Will the total number of outcomes changes as a result? Explain why or why not.

Part A)

Possible Outcomes:
Heads and Red Ball
Heads and Blue Ball
Heads and Green Ball
Tails and Red Ball
Tails and Blue Ball
Tails and Green Ball
There are only 2 possible outcomes from the coin either heads or tails. There are three possible outcomes from drawing the 3 different colored balls.
2 (either heads or tails)*3(either red, blue, or green) = 6 different possibilities.

Part B:
The total number of outcomes will not change. This is because the chance of drawing a red ball is 2/6 the chances of drawing a blue ball is 2/6 and the chances of drawing a green ball is 2/6. So simplified there is a 1/3 chance that each color ball will be drawn. The amount of colors did not change and the chance of each ball being drawn did not change and therefore there is no increase in the possible outcome.

e=mc2

PART A: The possible outcomes for this experiment can be determined by considering the outcomes of tossing a fair coin and drawing a ball from the bag.

1. If the coin lands on heads (H) and Robin draws a red ball, the outcome is (H, Red).
2. If the coin lands on heads (H) and Robin draws a blue ball, the outcome is (H, Blue).
3. If the coin lands on heads (H) and Robin draws a green ball, the outcome is (H, Green).
4. If the coin lands on tails (T) and Robin draws a red ball, the outcome is (T, Red).
5. If the coin lands on tails (T) and Robin draws a blue ball, the outcome is (T, Blue).
6. If the coin lands on tails (T) and Robin draws a green ball, the outcome is (T, Green).

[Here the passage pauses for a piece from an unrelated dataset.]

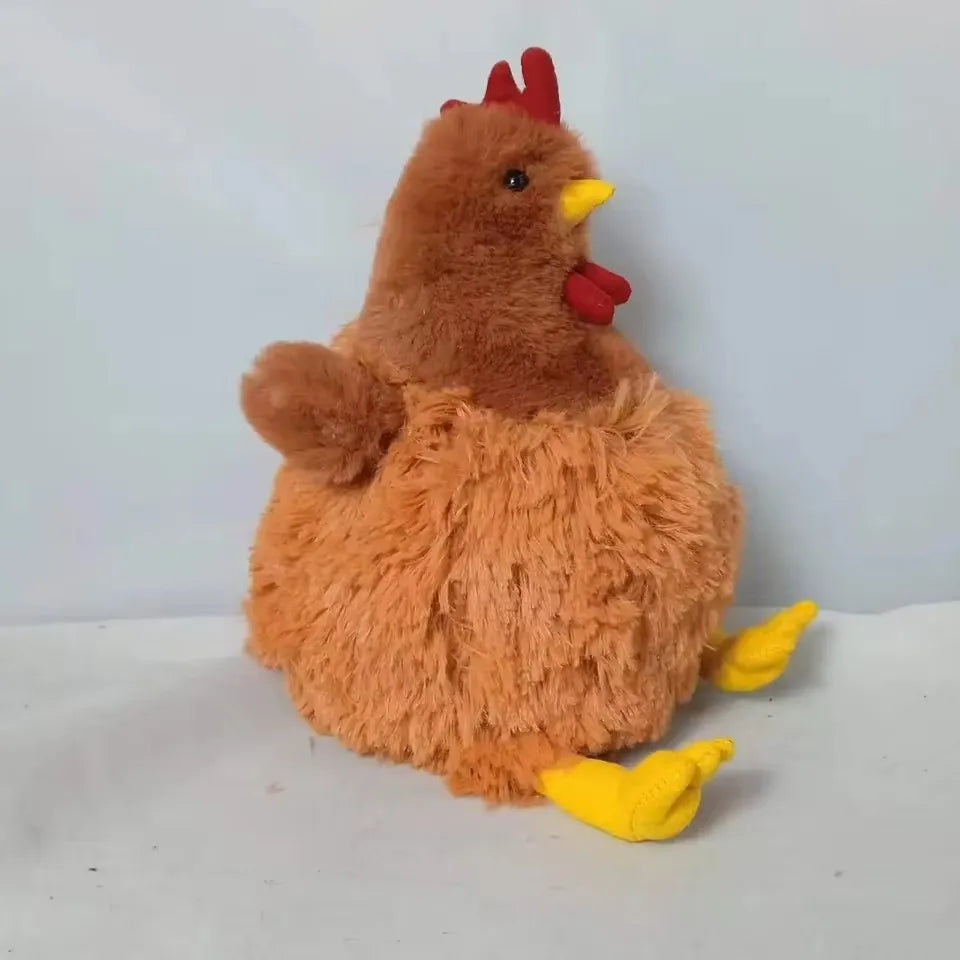 2025 new Jeycat Hen Plush Rooster Doll CeileChckn Creative Plush Children's Gift Toy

Therefore, the possible outcomes for the experiment are (H, Red), (H, Blue), (H, Green), (T, Red), (T, Blue), and (T, Green).

PART B: Adding three more balls to the bag (one red, one blue, and one green) will increase the total number of balls in the bag. This means that the total number of outcomes will change.

Initially, there were 3 balls in the bag (one red, one blue, and one green), and each ball had an equal chance of being chosen when drawing. Therefore, there were 3 possible outcomes.

After adding three more balls to the bag, there will now be 6 balls in total (two red, two blue, and two green). Each ball still has an equal chance of being chosen.

Since the total number of balls in the bag has increased, the total number of outcomes will increase as well. There will now be 6 possible outcomes instead of the original 3.